9. Profiling and Automated Decision-Making

The Controller does not make decisions concerning Website users based solely on automated processing of data that would produce legal effects concerning them or similarly significantly affect them.

10. Data Retention Period

Personal data is stored for the period necessary to achieve the purpose of its processing, and subsequently until: − the expiry of the limitation period for claims, − the expiry of obligations arising from legal provisions, − an effective objection is raised, − consent is withdrawn, where processing is based on consent.

11. Security Measures

The data collected by Minerva is processed and stored using security measures appropriate to the identified risk and compliant with the requirements of applicable law. For example, on websites where contact forms are used or where we offer the possibility of creating accounts and logging in, we use encrypted HTTPS protocols. At the same time, we wish to draw your attention to the risks arising from sharing your login credentials with third parties and from failing to log out of the websites after you have finished using them.

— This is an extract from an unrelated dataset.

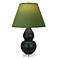 Double Gourd 22"H Obsidian And Lucite Lamp w/ Tea And Taupe Shade
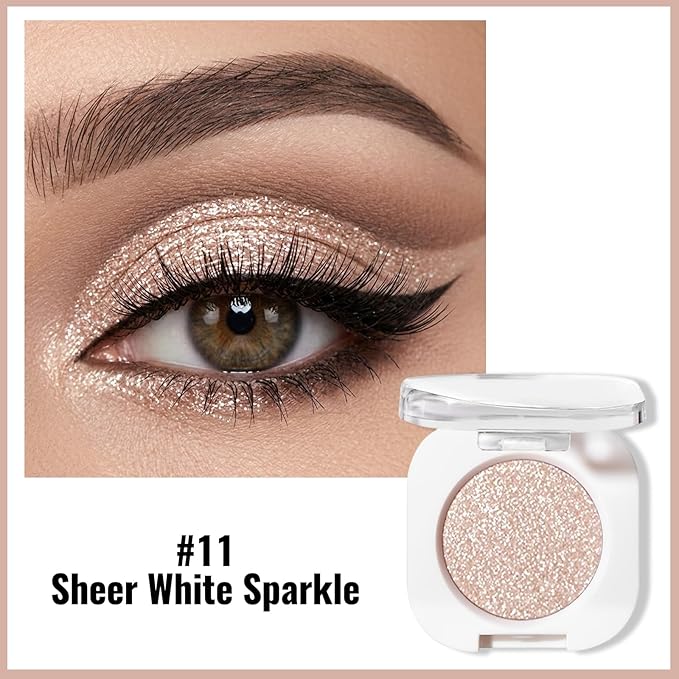 Erinde Sheer White Sparkle Shimmer Single Eyeshadow, Metallic Glow Glitter Cream Eye Shadow, Monochrome Eyeshadow Palette Makeup, Waterproof Sombras para Ojos, Vegan & Cruelty-Free, 11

12. Rights of Data Subjects

You have the right to: − access your data, − rectify your data, − erase your data, − restrict processing, − data portability, − object to processing, − withdraw consent (where processing is based on consent), − lodge a complaint with the President of the Personal Data Protection Office (Prezes Urzędu Ochrony Danych Osobowych). Please send the above requests to .

13. Voluntary Provision of Data

Providing personal data is voluntary; however, in some cases it may be necessary to use certain functionalities of the Website, to receive a response to a submitted inquiry, or to conclude a contract.

14. Children’s Data

The Website is not intended for persons under 18 years of age. The Controller does not knowingly process children’s personal data. If you believe that such data has been provided without the knowledge of a parent or guardian, please contact us at , and the data will be deleted without delay.

15. Changes to the Privacy Policy

The Controller may update this Privacy Policy from time to time. The current version of the document is always available in the footer of the Website. Date of last update: 09.06.2026.